33.4 Bagging

This is an old version, view current version.

When bootstrapping is carried through inference it is known as bootstrap aggregation, or bagging, in the machine-learning literature (Breiman 1996). In the simplest case, this involves bootstrapping the original data, fitting a model to each bootstrapped data set, then averaging the predictions. For instance, rather than using an estimate \(\hat{\sigma}\) from the original data set, bootstrapped data sets \(y^{\textrm{boot}(1)}, \ldots, y^{\textrm{boot}(N)}\) are generated.
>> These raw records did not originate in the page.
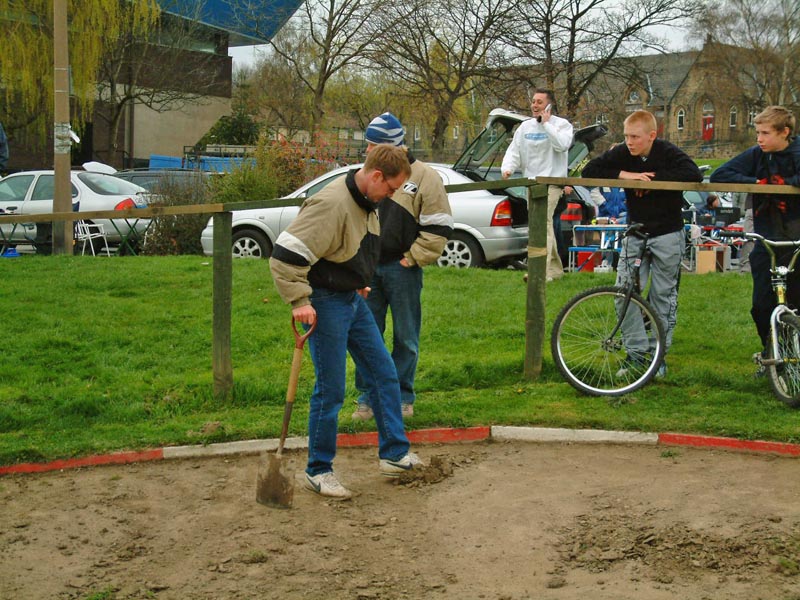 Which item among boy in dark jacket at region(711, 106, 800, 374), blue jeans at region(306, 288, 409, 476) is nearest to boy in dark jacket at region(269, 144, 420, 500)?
blue jeans at region(306, 288, 409, 476)

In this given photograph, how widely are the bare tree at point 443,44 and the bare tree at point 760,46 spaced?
40.0 m

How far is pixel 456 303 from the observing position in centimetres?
1033

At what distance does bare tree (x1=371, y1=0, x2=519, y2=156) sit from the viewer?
29453 mm

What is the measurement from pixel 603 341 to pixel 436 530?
264 centimetres

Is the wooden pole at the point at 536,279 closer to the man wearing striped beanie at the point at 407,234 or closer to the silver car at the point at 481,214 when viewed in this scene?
the man wearing striped beanie at the point at 407,234

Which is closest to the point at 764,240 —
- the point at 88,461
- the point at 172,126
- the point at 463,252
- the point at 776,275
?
the point at 776,275

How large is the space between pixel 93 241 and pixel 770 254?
14174 mm

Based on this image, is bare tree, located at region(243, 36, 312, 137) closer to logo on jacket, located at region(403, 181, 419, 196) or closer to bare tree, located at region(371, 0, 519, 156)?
bare tree, located at region(371, 0, 519, 156)

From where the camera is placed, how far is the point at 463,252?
43.8 feet

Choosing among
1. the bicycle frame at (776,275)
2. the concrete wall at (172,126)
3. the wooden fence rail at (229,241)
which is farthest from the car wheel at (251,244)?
the concrete wall at (172,126)

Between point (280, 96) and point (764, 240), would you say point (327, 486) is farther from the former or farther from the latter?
point (280, 96)

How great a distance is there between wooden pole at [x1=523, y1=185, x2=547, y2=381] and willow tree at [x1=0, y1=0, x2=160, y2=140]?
21.6 meters

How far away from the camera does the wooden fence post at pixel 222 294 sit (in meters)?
7.29

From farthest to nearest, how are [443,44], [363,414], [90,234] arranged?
[443,44] → [90,234] → [363,414] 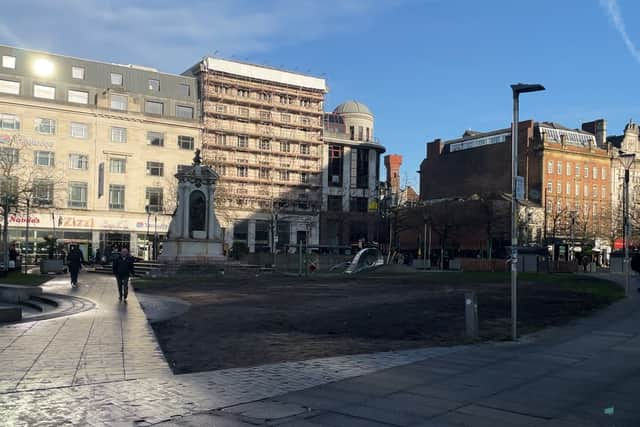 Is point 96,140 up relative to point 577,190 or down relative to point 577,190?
up

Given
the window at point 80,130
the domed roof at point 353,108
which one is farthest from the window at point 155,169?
the domed roof at point 353,108

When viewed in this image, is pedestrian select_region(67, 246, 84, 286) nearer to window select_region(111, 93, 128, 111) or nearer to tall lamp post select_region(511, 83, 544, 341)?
tall lamp post select_region(511, 83, 544, 341)

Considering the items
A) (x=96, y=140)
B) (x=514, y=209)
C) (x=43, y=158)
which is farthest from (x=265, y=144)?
(x=514, y=209)

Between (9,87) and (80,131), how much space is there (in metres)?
7.98

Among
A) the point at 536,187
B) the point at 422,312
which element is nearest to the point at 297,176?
the point at 536,187

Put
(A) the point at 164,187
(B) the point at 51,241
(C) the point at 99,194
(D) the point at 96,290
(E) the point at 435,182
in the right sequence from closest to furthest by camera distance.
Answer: (D) the point at 96,290
(B) the point at 51,241
(C) the point at 99,194
(A) the point at 164,187
(E) the point at 435,182

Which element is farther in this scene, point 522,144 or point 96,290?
point 522,144

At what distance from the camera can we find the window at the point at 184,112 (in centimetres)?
7661

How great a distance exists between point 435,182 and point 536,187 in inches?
722

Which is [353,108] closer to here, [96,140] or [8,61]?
[96,140]

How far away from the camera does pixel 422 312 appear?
1730 centimetres

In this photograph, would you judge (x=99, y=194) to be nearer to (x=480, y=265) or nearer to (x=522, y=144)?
(x=480, y=265)

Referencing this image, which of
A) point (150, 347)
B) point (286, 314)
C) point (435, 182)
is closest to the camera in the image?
point (150, 347)

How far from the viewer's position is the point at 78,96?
→ 228 feet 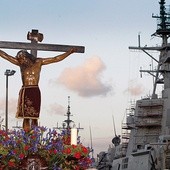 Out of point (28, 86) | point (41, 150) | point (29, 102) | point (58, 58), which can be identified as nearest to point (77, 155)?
point (41, 150)

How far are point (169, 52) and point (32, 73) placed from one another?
45.0 metres

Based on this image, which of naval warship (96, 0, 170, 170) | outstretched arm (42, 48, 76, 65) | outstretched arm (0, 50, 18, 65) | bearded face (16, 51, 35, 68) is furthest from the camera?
naval warship (96, 0, 170, 170)

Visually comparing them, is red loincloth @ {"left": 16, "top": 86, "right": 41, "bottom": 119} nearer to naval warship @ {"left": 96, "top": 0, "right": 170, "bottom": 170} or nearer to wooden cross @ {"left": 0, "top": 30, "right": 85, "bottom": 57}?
wooden cross @ {"left": 0, "top": 30, "right": 85, "bottom": 57}

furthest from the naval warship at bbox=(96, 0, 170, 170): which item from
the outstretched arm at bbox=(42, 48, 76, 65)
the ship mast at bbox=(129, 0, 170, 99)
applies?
the outstretched arm at bbox=(42, 48, 76, 65)

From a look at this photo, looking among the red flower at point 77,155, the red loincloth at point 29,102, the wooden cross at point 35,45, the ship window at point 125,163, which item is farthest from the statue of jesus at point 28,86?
the ship window at point 125,163

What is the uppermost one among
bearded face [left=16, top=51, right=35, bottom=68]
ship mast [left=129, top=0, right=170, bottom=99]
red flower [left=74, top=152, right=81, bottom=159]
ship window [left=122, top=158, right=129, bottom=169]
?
ship mast [left=129, top=0, right=170, bottom=99]

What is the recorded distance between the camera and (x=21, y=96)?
41.0 ft

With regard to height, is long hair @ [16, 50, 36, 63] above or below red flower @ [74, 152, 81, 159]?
A: above

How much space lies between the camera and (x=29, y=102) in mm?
12508

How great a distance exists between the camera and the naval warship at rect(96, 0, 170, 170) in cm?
4631

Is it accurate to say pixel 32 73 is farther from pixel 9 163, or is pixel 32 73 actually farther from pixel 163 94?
pixel 163 94

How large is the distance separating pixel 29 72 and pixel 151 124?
141ft

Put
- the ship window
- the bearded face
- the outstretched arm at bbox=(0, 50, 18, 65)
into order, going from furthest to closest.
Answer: the ship window, the outstretched arm at bbox=(0, 50, 18, 65), the bearded face

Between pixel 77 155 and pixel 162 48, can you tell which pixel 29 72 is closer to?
pixel 77 155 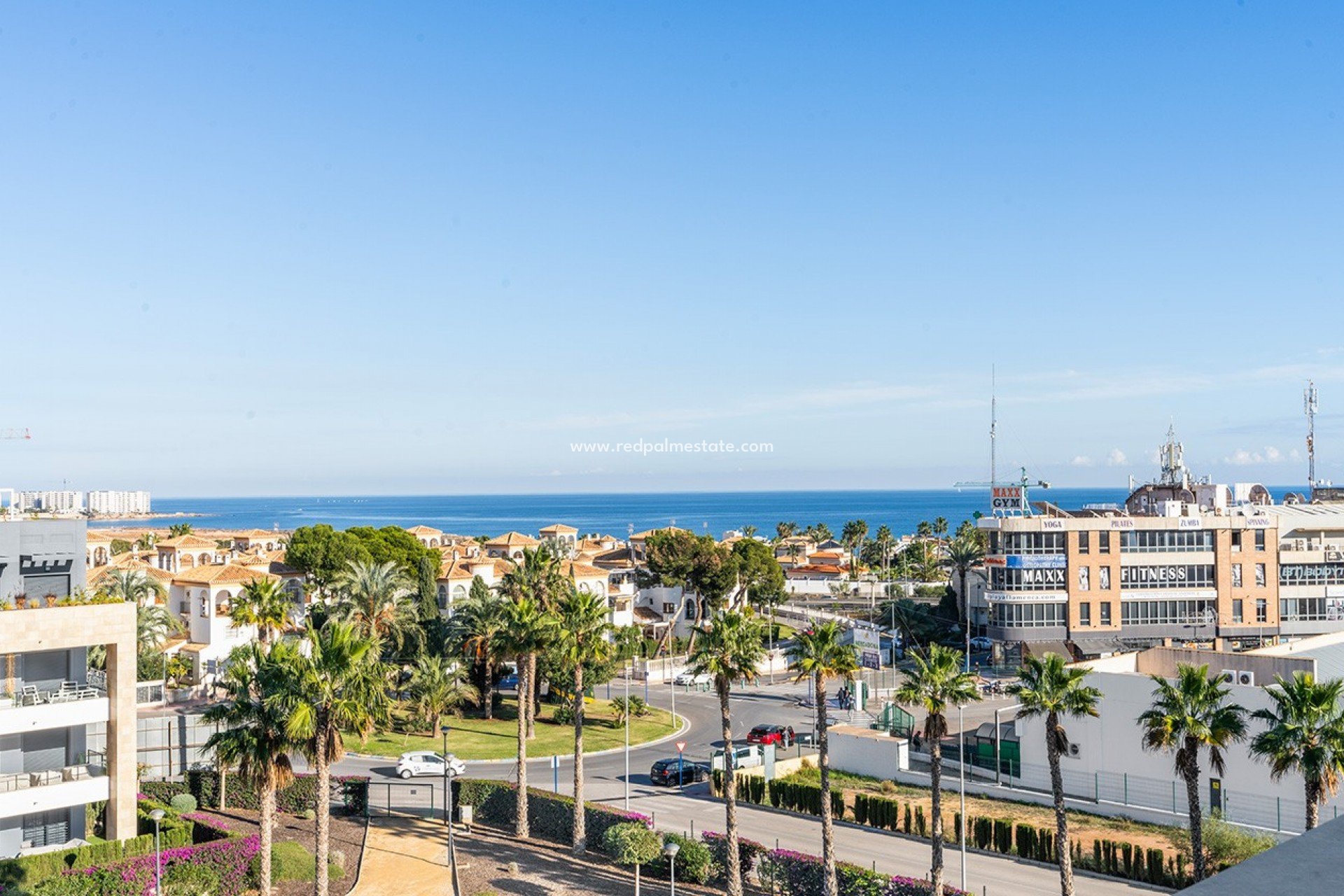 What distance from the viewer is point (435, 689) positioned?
207ft

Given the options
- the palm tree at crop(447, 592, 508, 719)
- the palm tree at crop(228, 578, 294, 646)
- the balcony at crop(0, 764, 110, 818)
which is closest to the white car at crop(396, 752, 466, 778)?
the palm tree at crop(447, 592, 508, 719)

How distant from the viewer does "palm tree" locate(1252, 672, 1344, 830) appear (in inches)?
1264

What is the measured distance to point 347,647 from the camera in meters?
32.8

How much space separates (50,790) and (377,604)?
3096cm

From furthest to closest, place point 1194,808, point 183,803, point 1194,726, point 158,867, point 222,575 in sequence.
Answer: point 222,575 → point 183,803 → point 158,867 → point 1194,808 → point 1194,726

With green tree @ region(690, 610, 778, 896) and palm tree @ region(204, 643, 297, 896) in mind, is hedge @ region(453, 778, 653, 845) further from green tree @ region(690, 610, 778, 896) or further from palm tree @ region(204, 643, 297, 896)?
palm tree @ region(204, 643, 297, 896)

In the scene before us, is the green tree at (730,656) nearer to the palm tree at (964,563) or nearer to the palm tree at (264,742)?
the palm tree at (264,742)

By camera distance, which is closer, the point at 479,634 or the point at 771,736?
the point at 771,736

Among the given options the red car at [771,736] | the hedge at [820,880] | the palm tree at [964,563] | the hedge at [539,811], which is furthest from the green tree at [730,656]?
the palm tree at [964,563]

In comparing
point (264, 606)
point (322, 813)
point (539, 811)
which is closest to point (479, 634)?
point (264, 606)

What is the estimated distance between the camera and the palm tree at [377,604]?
218 ft

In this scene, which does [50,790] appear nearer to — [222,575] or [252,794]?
[252,794]

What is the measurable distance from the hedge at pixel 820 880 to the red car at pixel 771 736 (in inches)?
935

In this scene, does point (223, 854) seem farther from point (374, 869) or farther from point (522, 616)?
point (522, 616) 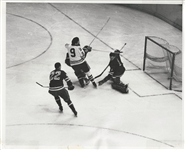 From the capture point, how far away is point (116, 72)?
1188 centimetres

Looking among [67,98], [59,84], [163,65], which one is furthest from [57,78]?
[163,65]

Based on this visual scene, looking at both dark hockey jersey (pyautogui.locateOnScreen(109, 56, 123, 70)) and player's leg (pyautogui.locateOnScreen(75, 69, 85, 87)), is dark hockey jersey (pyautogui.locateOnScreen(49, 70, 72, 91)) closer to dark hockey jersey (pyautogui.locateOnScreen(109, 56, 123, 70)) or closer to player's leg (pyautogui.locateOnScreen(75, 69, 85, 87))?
player's leg (pyautogui.locateOnScreen(75, 69, 85, 87))

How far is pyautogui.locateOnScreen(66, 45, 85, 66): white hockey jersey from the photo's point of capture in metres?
11.5

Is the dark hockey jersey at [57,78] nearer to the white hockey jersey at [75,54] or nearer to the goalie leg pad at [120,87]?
the white hockey jersey at [75,54]

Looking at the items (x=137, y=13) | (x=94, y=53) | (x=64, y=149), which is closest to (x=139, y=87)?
(x=94, y=53)

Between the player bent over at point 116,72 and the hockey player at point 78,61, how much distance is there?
1.42ft

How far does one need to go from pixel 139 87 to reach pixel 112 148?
109 inches

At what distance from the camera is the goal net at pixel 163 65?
12.2 meters

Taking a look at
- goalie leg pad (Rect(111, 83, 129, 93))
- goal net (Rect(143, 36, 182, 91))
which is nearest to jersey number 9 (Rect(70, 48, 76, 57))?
goalie leg pad (Rect(111, 83, 129, 93))

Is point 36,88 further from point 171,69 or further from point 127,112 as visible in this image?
point 171,69

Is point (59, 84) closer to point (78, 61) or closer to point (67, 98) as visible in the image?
point (67, 98)

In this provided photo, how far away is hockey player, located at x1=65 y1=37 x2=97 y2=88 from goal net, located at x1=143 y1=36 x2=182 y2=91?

Each is used to generate an estimate \(\hat{\sigma}^{\textrm{boot}(n)}.\) The final estimate is \[ \hat{\sigma} = \frac{1}{N} \sum_{n = 1}^N \hat{\sigma}^{\textrm{boot}(n)}. \] The same would be done to estimate a predictive quantity \(\tilde{y}\) for as yet unseen data. \[ \hat{\tilde{y}} = \frac{1}{N} \sum_{n = 1}^N \hat{\tilde{y}}^{\textrm{boot}(n)}. \] For discrete parameters, voting is used to select the outcome.

One way of viewing bagging is as a classical attempt to get something like averaging over parameter estimation uncertainty.

References

Breiman, Leo. 1996. “Bagging Predictors.” Machine Learning 24 (2): 123–40.